Inaugurado na década de 1940, Interlagos sobreviveu sem maiores problemas por cerca de meio-século: em 1991 uma reforma dilacerou um dos traçados mais interessantes e desafiadores em todo mundo. Sem preocupações básicas como preservar um bem público criou-se um mecanismo para empurrar novas reformas anuais e drenar o erário municipal, sem deixar de lado os prejuízos causados ao mercado de trabalho de quem vive do esporte a motor. Arquibancadas temporárias, construções que não atendem às necessidades básicas de quem usa o local na maior parte do ano e obras de concepção e qualidade extremamente discutíveis tornaram-se o padrão de resultados de tais intervenções justificadas como exigência da Fórmula 1.
Desta vez tudo indica que a planta aprovada para consumir mais outros tantos milhões de reais será a construção de uma curva em formato de “S” onde hoje existe a chicane do Café.
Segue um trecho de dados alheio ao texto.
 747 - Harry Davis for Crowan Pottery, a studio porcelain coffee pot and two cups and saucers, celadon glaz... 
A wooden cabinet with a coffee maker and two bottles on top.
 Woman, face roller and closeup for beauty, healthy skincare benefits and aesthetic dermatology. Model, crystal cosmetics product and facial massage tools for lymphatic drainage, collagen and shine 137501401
O projeto desenvolvido com a colaboração da Associação de Brasileira de Pilotos de Automobilismo (ABPA), caso aprovado, deverá exigir grande movimentação de terraplanagem na área, porém nada que tecnicamente justifique a interdição do autódromo por cerca de uma temporada.
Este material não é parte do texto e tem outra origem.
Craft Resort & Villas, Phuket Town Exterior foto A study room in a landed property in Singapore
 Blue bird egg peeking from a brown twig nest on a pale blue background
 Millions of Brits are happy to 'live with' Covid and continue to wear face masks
Nos últimos dias iniciou-se a derrubada dos boxes atuais para erguer um novo edifício com pé direito aumentado em 40 centímetros, alteração que configura um gasto extremamente alto para uma suposta adequação das instalações para… a Fórmula 1. A autoridade dos promotores do Grande Prêmio do Brasil sobre o circuito paulistano é tamanha que até mesmo arquibancadas construídas com dinheiro público são mantidas parcial ou totalmente fechadas para atender suas necessidades. Ao usar o termo “necessidades” é impossível não lembrar do odor gerado pelo esgoto que corre quase a céu aberto no pátio da antiga curva do Sargento, praça hoje transformada em box alternativo.
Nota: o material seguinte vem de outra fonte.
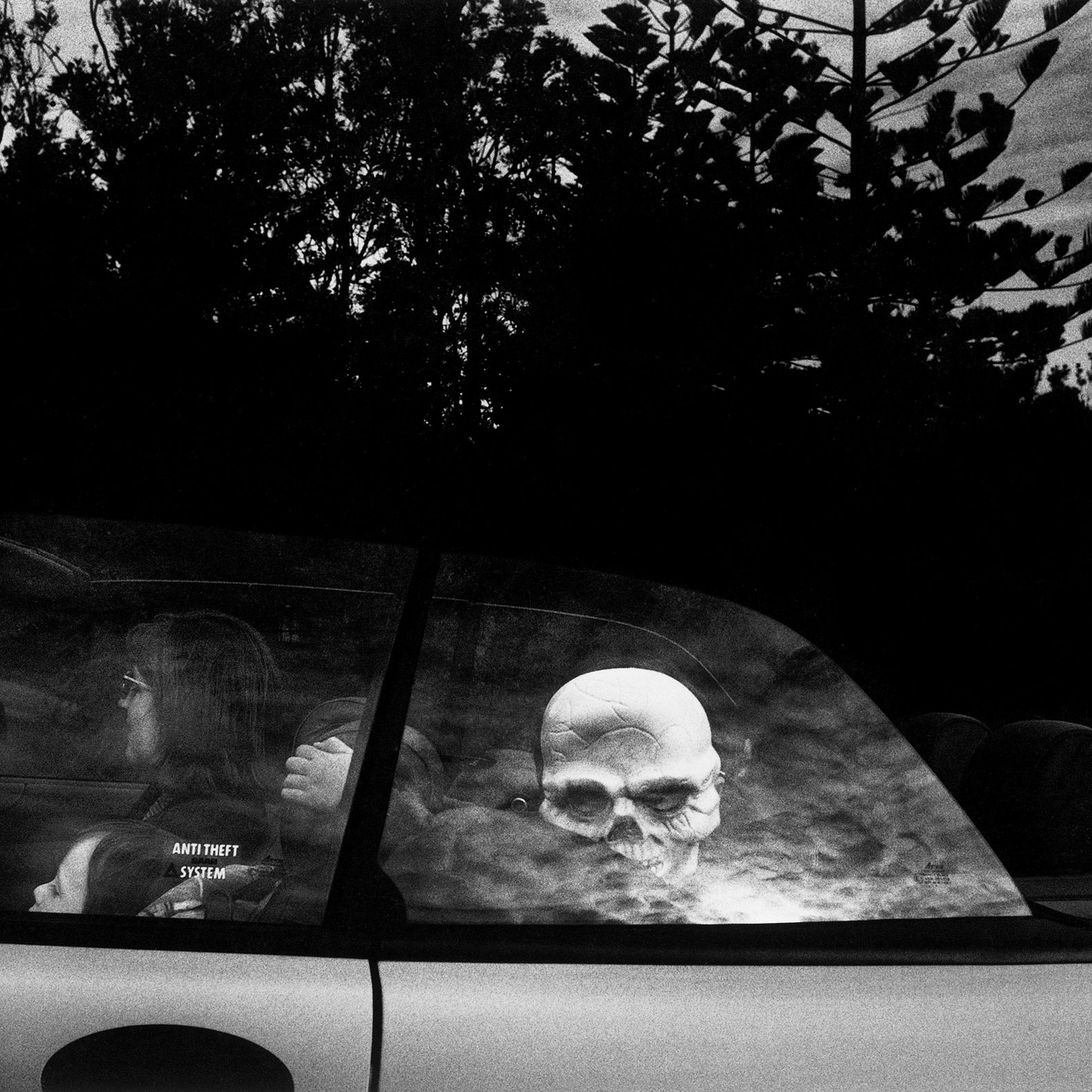 AUSTRALIA. Sydney. A child with a skeleton mask arrives at a fancy dress party in Watsons Bay. From Dream/Life series. 1998.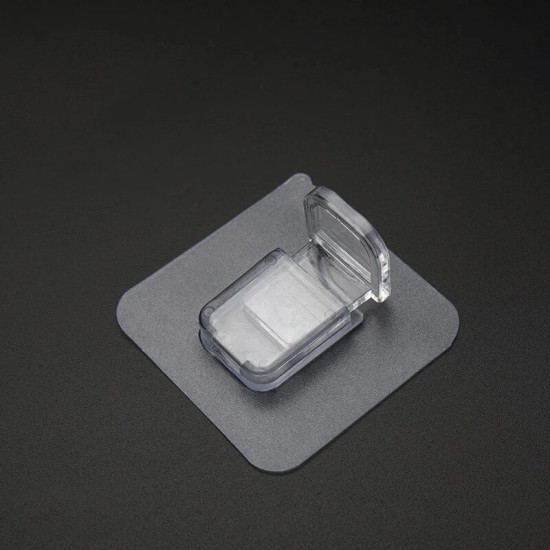 Transparent adhesive shelf support bracket with a hinged clip on a square adhesive base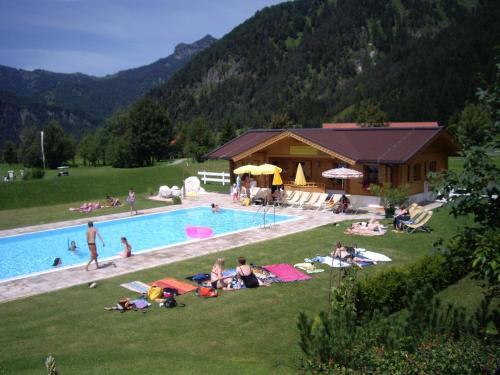 eine Gruppe von Menschen, die im Gras an einem Pool liegen in der Unterkunft Gut Hanneshof in Erpfendorf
No apagar das luzes da administração de Fernando Haddad, a SPTuris aumentou o preço de aluguel do autódromo em cerca de 300% e em janeiro de 2017, com João Dória Jr. "acelerando" sua trajetória política, alterou as bases de locação para uso da pista. Em fevereiro a Federação de Automobilismo de São Paulo (FASP) foi obrigada a depositar 10% do valor equivalente ao aluguel da pista para realizar seu calendário, sem ter qualquer garantia que as datas seriam respeitadas e que os serviços alocados seriam entregues. Até então esse valor era pago com 15 dias de antecedência de cada prova e o saldo completado no início do período de locação.
É fato que o calendário de 2017 teve datas canceladas e alteradas e em várias ocasiões os boxes não puderam ser utilizados, gerando custo extra aos promotores dos eventos, o que gera a mesma insegurança que empreendedores e investidores sentem quando consideram investir no País. Nem por isso a SPTuris propôs ou ofereceu qualquer tipo de devolução de valores pagos ou compensação, apesar da energia elétrica ser cobrada a preços que variam mais de 100% sem explicação, os banheiros não têm iluminação ou água quente, o ar condicionado não funciona porque ninguém sabe onde está o controle remoto de cada aparelho e o público que vai às arquibancadas nem sempre tem acesso aos sanitários.
Não são poucos os que enxergam no comportamento atual da SPTuris uma combinação malévola e perniciosa para gastar fortunas com obras inadequadas e discutíveis. Algo como a necessidade de criar uma situação que caracterize Interlagos como um parque municipal que só gera prejuízos e a manutenção de um sistema que facilita a prática de corrupção e caixa dois. Em outras palavras, egos e lucros a tratar o cidadão e o destino dos impostos com respeito nulo e locupletação ampla, geral e irrestrita.